When transferring a test site to a live site on a server, chmod access is normally transferred (on *nix anyway) as well but.... When someone who does not have that "root" access FTP's that test site down to thier computer and then transfers it back to the server (or another) in the "Live" area.... I have to assume access rights to all directories are now 777, would this be correct?

Because if it is.... I see this as becoming a major security problem for people who are doing the transfer just as I explained. (or tried to)

I have read several posts within the forums of people asking how to transfer thier files to a live site after the testing phase was completed and this is what got me thinking about this.

I am assuming that Mambo will not automatically correct the permissions on the directories once the files are in place, I don't see how it could without individual htaccess files, so what can we provide the people (guidance or written instructions) who are testing mambo in one place and then transferring the files to a live site elsewhere to ensure that permissions are set correctly?

Has this ever been brought up?

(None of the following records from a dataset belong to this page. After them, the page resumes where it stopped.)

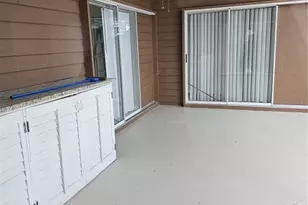 417 Lake of the Woods Dr, Venice, FL 34293 - Photo 17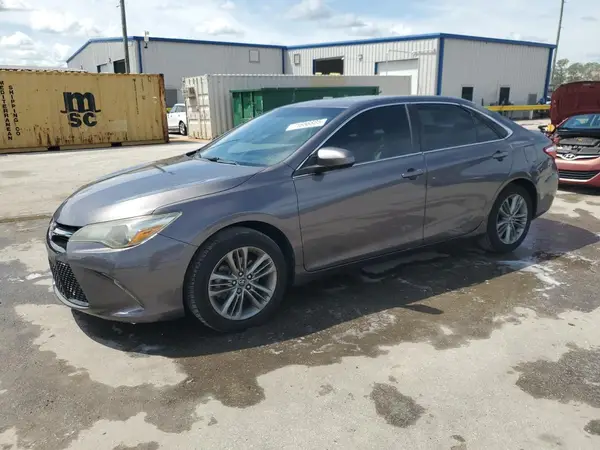 4T1BF1FK9HU691986 2017 TOYOTA CAMRY - Image 1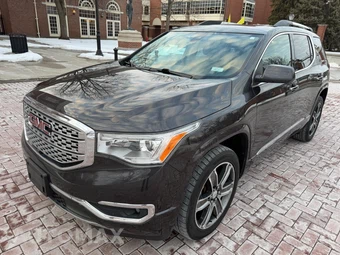 2017 GMC Acadia Denali 5SA - miniatura 2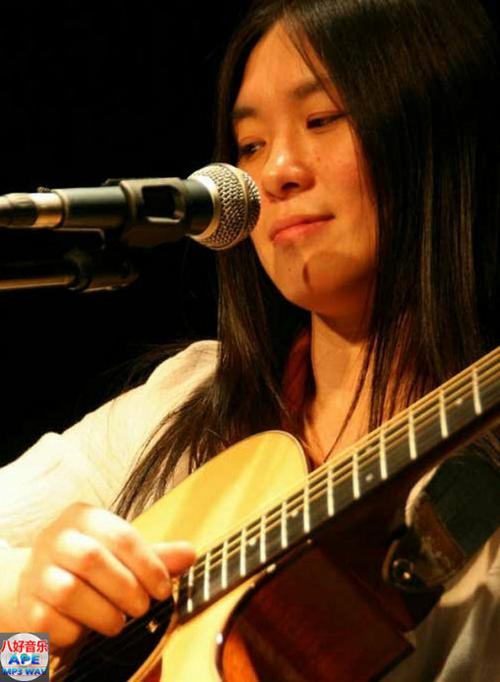 当代民谣传奇女歌手--小娟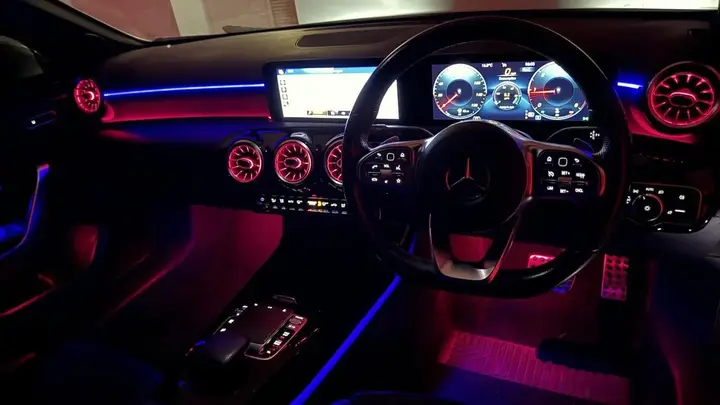 Mercedes-Benz A-Class 2019 photo 2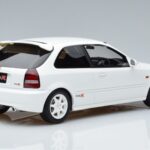 Honda Civic Type R EK9 Alb Otto 1:18 OT264 Rășină - image 2 of 7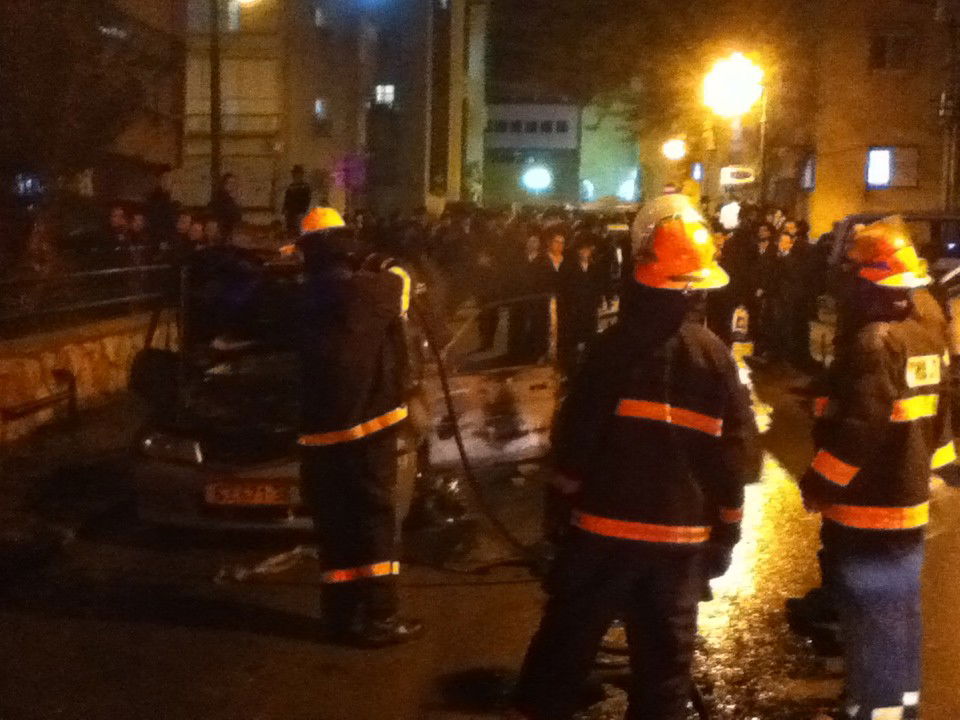 בני-ברק: רכב עלה באש, מאות סקרנים התגודדו בזירה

I am curious...

jascha · 09.09.2004, 07:12

I was working on a script in the past to check the permissions on a Mambo install. Such as the one when installing Mambo, but more indepth. So that is an option for those that know PHP and are bored.

As far as the question about transfering a test site to the production server. It would deped what means people are using to transfer the site. I will assume people are using a *nix based server (Linux, BSD, etc.). Since I am unsure why they wouldn't be

. So if you are say, using a Fedora test server and Fedora production server you could use scp with the -p switch in order to preserve the test servers permissions.

Or use something like wget to transfer the site.

One other option is to tar the entire site with the -p switch to prerserve the permissions.

If someone is using a GUI FTP or SCP/SFTP client then they would need to read the documentation to preserve the directory permissions. Or overcome what I refer to as 'command-lineaphobia'.

For those who feel the need to use a Windows server. . . to preserve the NTFS permissions you can use something like NTBACKUP to get the job done. Here is a good tutorial on the subject for those interested.

You could use many other methods for *nix and Windows just comes down to personal preference.

-Jascha

rober · 09.09.2004, 08:06

Quote:

Originally Posted by jascha

For those who feel the need to use a Windows server. . . to preserve the NTFS permissions you can use something like NTBACKUP to get the job done. Here is a good tutorial on the subject for those interested.

-Jascha

w i n d o w s?

Egad.... how horrible the thought...

I have heard people were downloading sites using ftp lite and then reloading them on other servers. I looked over doing a manual install and found permission guidelines for the core directories, but... not much on mods/components which would be the method of attack in my opinion.

The script you mentioned is a great idea as it could be used anytime to reverify integrity of the mos directories after each mod/component upgrade etc. Nice security thought there

Imagine something like that built into the Mambo core..... hmmmm, food for thought

jascha · 09.09.2004, 09:09

Well. . .people should realize by now if they are hosting on Windows that Mambo permissions is the last of their worries.

I had made the suggestion for the permission checking along with IP blacklisting and a few other things a long time ago on the main site. But little was said about it, so I am unsure if any of them were implemented.

-Jascha

rober · 09.09.2004, 18:31

True point about the windows servers (yuck, icky pooey) and that other word, IIS (EEEEEEEEEEEK)

You said you mentioned it to the development team awhile back but nothing came of it, perhaps if we develop enough interest here in mambers we can approach the core team again with the idea.

Security if not taken seriously, makes for a worthless CMS. And Mambo is far from worthless.